Amidst the din that I heard about banishing religion from public space, was the propriety(!) of saying "Merry Christmas" in a multi-religious society. Obviously, if secularists (yes, the secularists, not other "co-religionists"!) feel threatened by Christmas celebration, there must be important reasons for Christians to celebrate it and to fight for the right to celebrate it (other than that it's "that time of the year", as some songs suggest). Looking back to this blog's archive during the last three Decembers, I found no post that reflected the significance of Christmas in my life... This year, I spent the whole of Advent and Christmas (and soon, New Year) away from home. Yes, I do miss the festivities that being at home entails; but most importantly I think it has been a blessing for me as there are less distractions when a reflection is in order.

What is the impact of Christmas, to us? Yesterday's Feast of the Holy Innocents reminded me that even at the beginning of His time on earth, Jesus' birth had brought so much changes. Thousands (possibly) of infants in Bethlehem were massacred: they bore witnesses to the birth of the Holy One. Christ came into our world without waiting for any invitation; these children, despite their tender age, shed their lives for Christ. In the words of St Quodvultdeus,

To what merits of their own do the children owe this kind of victory? They cannot speak, yet they bear witness to Christ. They cannot use their limbs to engage in battle, yet already they bear off the palm of victory.

For me, the impact of Christmas did not demand such great sacrifice as these children's; it was that of contemplating the Eternal entering time. "The Word was made flesh, and dwelt amongst us." This was for me a statement of depth and mystery: why?

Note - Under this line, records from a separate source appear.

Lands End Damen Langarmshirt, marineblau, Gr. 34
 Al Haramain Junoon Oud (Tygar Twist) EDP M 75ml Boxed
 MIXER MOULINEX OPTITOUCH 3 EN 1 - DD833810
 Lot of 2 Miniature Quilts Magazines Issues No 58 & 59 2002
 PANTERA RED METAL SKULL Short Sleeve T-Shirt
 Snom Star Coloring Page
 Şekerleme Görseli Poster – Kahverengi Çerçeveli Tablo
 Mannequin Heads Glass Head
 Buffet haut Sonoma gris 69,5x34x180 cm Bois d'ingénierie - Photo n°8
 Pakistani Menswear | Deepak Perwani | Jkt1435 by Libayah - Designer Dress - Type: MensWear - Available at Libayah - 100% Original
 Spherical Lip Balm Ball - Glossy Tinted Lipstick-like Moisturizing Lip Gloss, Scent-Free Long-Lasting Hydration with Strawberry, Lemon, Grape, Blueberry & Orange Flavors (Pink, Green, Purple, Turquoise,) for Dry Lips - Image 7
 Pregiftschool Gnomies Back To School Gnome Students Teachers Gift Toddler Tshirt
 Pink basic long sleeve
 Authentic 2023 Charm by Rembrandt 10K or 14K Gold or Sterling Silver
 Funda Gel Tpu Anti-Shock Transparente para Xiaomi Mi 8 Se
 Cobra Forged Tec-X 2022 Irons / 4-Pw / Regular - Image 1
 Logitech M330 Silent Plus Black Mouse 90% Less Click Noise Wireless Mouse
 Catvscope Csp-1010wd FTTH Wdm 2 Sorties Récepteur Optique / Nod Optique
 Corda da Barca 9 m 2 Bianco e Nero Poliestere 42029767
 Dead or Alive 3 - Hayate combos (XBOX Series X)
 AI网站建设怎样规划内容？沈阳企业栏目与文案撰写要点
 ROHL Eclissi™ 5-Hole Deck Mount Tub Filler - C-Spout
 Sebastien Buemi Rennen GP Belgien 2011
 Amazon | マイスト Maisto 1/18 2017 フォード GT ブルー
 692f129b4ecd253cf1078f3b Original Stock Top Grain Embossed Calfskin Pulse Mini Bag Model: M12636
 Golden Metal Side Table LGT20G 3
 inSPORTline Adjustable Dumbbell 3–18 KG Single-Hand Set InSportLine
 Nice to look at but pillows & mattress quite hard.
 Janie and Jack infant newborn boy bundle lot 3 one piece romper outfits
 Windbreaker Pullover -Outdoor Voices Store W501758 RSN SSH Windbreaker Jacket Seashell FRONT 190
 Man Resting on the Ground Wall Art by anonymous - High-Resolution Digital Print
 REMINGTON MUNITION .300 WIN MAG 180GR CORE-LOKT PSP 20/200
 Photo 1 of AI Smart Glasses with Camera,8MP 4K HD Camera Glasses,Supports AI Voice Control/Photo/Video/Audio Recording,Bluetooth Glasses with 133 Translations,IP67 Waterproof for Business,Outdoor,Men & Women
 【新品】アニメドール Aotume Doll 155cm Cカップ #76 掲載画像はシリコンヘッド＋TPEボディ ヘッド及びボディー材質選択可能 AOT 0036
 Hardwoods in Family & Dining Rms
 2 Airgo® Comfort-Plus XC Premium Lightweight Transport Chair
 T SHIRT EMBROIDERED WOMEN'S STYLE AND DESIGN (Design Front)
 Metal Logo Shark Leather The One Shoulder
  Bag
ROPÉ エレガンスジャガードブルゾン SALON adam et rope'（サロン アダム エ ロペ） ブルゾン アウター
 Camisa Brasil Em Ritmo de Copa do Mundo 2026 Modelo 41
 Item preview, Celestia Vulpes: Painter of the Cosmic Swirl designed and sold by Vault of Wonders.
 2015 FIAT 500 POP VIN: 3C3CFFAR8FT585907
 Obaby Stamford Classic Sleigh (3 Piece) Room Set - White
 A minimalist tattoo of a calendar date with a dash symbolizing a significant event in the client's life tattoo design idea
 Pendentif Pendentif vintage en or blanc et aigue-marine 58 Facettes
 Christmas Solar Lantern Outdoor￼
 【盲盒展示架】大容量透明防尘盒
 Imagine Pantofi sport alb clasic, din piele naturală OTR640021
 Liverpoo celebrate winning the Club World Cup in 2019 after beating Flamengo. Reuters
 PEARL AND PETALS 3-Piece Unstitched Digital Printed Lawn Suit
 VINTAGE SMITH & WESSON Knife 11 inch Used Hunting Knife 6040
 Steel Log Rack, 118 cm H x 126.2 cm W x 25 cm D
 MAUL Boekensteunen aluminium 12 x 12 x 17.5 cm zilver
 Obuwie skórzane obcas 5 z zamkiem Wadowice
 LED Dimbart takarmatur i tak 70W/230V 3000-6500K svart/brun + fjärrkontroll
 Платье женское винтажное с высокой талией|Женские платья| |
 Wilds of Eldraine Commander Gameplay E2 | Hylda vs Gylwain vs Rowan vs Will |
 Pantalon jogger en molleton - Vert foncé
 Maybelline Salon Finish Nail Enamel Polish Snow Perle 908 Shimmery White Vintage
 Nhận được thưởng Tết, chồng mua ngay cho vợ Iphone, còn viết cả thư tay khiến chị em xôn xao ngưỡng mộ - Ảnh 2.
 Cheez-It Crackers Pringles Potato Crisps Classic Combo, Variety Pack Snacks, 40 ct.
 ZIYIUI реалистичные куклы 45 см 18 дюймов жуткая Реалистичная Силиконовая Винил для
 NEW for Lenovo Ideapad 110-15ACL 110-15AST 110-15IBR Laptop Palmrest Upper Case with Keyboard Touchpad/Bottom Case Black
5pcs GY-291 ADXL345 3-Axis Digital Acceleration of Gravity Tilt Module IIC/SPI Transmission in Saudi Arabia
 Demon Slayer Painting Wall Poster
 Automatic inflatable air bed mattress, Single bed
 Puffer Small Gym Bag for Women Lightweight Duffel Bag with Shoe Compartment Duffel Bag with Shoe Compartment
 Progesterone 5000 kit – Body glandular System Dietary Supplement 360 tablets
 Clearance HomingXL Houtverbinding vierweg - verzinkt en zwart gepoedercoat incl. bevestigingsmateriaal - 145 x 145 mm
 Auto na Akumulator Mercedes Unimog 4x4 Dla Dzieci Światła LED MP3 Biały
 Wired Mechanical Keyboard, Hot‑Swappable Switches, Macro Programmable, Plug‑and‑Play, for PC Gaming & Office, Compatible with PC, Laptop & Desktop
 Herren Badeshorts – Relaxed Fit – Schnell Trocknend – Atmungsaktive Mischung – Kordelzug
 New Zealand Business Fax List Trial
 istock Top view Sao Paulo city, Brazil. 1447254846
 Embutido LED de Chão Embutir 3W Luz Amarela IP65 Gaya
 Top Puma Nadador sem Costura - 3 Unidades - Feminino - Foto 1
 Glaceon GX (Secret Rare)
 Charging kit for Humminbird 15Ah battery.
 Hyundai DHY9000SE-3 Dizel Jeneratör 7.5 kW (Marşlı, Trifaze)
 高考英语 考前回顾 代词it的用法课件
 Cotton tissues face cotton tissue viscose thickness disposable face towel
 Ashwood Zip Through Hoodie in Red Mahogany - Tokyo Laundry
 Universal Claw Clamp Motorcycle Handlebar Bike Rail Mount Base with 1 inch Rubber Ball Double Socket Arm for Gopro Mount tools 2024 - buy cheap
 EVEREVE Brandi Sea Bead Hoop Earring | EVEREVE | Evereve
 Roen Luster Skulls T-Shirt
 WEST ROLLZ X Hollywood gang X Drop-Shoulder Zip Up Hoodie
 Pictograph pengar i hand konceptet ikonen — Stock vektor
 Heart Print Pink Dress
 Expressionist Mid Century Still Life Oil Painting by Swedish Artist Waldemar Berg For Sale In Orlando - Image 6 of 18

What for? A story I heard from a priest went like this:

"A man sitting in a house in a middle of a snowstorm saw that there were birds hitting the glass of his windows, attracted blindly by the light of his fireplace. Moved by compassion, he went out to light and open the door to his barn to give them shelter. But the birds, being stupid birds, did not follow him to the barn. Frustrated, he started flapping his arms to imitate them and signal them to follow him. The birds however, still did not follow him. And then he thought, if only I could be a bird for once, they would surely follow me to safety..."

And that is what God has done when the Word Incarnate dwelt amongst us! At this awesome wonder, words fail me.

Everything, everything that had come my way this year, the "chance" encounters, the friends and not-yet-friends, the opportunities to grow and to be humble, the inspirations and affections, the aridity and the consolations, the darkness He allowed and the lights He had bestowed, were all gifts.

Just last night, I was reading from the book of Tobit. In there, some of the protagonists, Tobit and Sara, launched into a praise before asking God to end their lives! In each turn of event, all of them: Tobit, Sara, Tobias, Raguel, and the archangel Raphael, launched into beautiful prayers of thanksgiving and praise. Reading these praises in my own languange (the only bible I have with the book of Tobit being in Bahasa Indonesia) made them especially heartfelt.

O Emmanuel, He is always with us, rejoice and give thanks!